Event
Huda Fakhreddine
Umm Kulthum and the Arabic Qasidah: Selection, Curation, and Performance
Huda Fakhreddine
Umm Kulthum and the Arabic Qasidah: Selection, Curation, and Performance
March 28, 2023 (Tuesday) — 5:15 pm to 7:00 pm
Lerner Center
Penn Music Building
201 S. 34th Street, Room 101
ABSTRACT
The celebrated Egyptian singer Umm Kulthum is one of the most successful re-animators of the Arabic qas̩īda in the twentieth century. Her work reveals a profound understanding of the movement of the qas̩īda from the personal to the public, from reflection to engagement, and from self to other/others. Her selection of poems, her editing of them, and her final performances all attest to her ability to “translate” and “rewrite” the archetypal form for her times, revealing in it a call for outward engagement (social, political, historical) that can only arise from a most personal and inward of postures. Not only evoking the tradition but also striking significant contemporary chords, these poems-turned-songs show how Umm Kulthum rewrote the Arabic qasida and forged powerful statements with deep and lasting reverberations. By studying her selections from pre-modern poetry as well as from the poetry of her contemporaries, my project showcases Umm Kulthum’s understanding the Arabic qas̩īda’s structure and ethos and her ability to activate this archetypal structure on a popular level through selection, abridgment, framing, and performance.
BIO
Huda Fakhreddine is associate professor of Arabic literature in the department of Near Eastern Languages and Civilizations. She is the author of Metapoesis in the Arabic Tradition (Brill, 2015) and The Arabic Prose Poem: Poetic Theory and Practice (Edinburgh University Press, 2021). She is the co-translator of Lighthouse for the Drowning (BOA editions, 2017), The Sky That Denied Me (University of Texas Press, 2020), and Come Take a Gentle Stab: Selections from Salim Barakat (Seagull Books, 2021). Her translations of modern Arabic poems have appeared in Banipal, World Literature Today, Nimrod, ArabLit Quarterly, the Michigan Quarterly Review and others. She is co-editor of Middle Eastern Literatures and an editor of the Library of Arabic Literature.
ATTENDANCE & REGISTRATION
This event is free and open to the public.
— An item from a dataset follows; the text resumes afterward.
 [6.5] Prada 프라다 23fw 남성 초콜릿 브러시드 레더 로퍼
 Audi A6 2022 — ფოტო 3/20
If you attend in person, there is no need to register. We ask that you join us in person if at all possible, but for those of you who are unable to physically attend we encourage you to participate via Zoom. Registration link to attend virtually is below:
https://upenn.zoom.us/meeting/register/tJclcumppjIjE9xmWPTZul3otRqr8YTEM6Ze
NOTE: After registering, you will receive a confirmation email containing information about joining the meeting.
ABOUT
This lecture is part of the 2022-23 Penn Music Colloquium Series. The Department of Music's main Colloquium Series showcases new research by leading scholars in music and sound studies and composers both in the United States and internationally. All Music Colloquia will take place in Room 101 of the Lerner Center on Tuesdays at 5:15 PM.